Telewizja kablowa Vectra pod naciskiem protestów Stowarzyszenia Twoja Sprawa, które zajmuje się ochroną dzieci i młodzieży przed niekontrolowanym i zbyt łatwym dostępem do pornografii, wycofała z emisji reklamę pakietu z kanałami sportowymi i erotycznymi.
Na spocie reklamowym klient kablówki oglądał mecz piłkarski w telewizji w towarzystwie dwóch dużych gumowych lalek, z których jedna była ubrana w bieliznę, a druga w strój piłkarski. Miała to reklamować kanały sportowe i pornograficzne kablówki. W ocenie stowarzyszenia była to „wyjątkowo prymitywna kampania”, a w dodatku dostępna także dla dzieci. – Uważamy, że budowanie wizerunku klienta jako osoby, której radość sprawia oglądanie telewizji w towarzystwie seks gadżetów, jest żałosne i niedopuszczalne – przekonywało STS. Stowarzyszenie zachęcało, by przesyłać do prezesa spółki Vectra, Tomasza Żurańskiego wezwania do niezwłocznego wycofania z emisji tego spotu i wystosowania oficjalnych przeprosin do konsumentów.
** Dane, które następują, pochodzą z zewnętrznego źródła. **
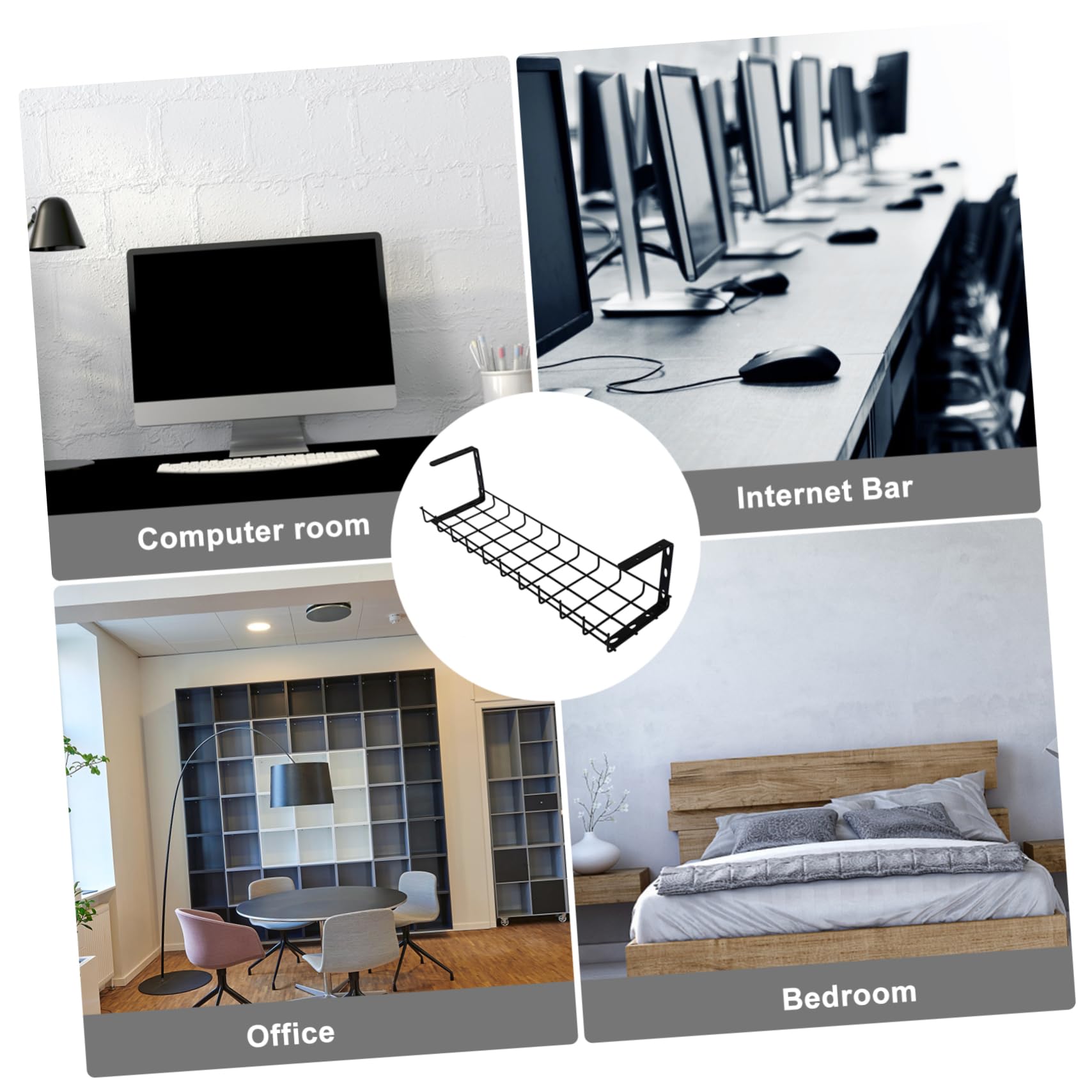 Tofficu 1 pièce Support de Gestion des Câbles Fer sous Bureau Rack de Rangement pour Câbles Noir pour Bureau et Maison pour Études et Salons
I przyniosło to efekt. Tomasz Żurański wysłał do STS pismo, w którym przeprosił osoby, który poczuły się urażone tą reklamą. Jednak też tłumaczył, że spot pełnił rolę informacyjną i nie miał na celu urazić kogokolwiek, a tym bardziej skierować dyskusji w kierunki promowania treści pornograficznych. Podkreślał też, że kanały erotyczne dostarczane przez Vectrę nie są ogólnodostępne. Po ewentualnym wykupieniu pakietu, zainteresowany treścią abonent zobowiązany jest wprowadzić specjalny kod zabezpieczający treści erotyczne. Są one zablokowane kodem nawet wówczas, gdy kontrola rodzicielska na dekoderze jest wyłączona
– Doceniamy i w związku z tym kończymy naszą akcję. Warto jednak skomentować fragment oświadczenia, iż spot nie miał „skierować dyskusji w kierunku promowania treści pornograficznych”. To, że nie taka była intencja reklamodawcy, jest dla nas oczywiste. Ale właśnie tym w istocie ten spot był – był promocją kanałów z twardą pornografią z udziałem 18-latek, jakkolwiek chcielibyśmy ładnie tę reklamę „opakowywać” – napisało STS.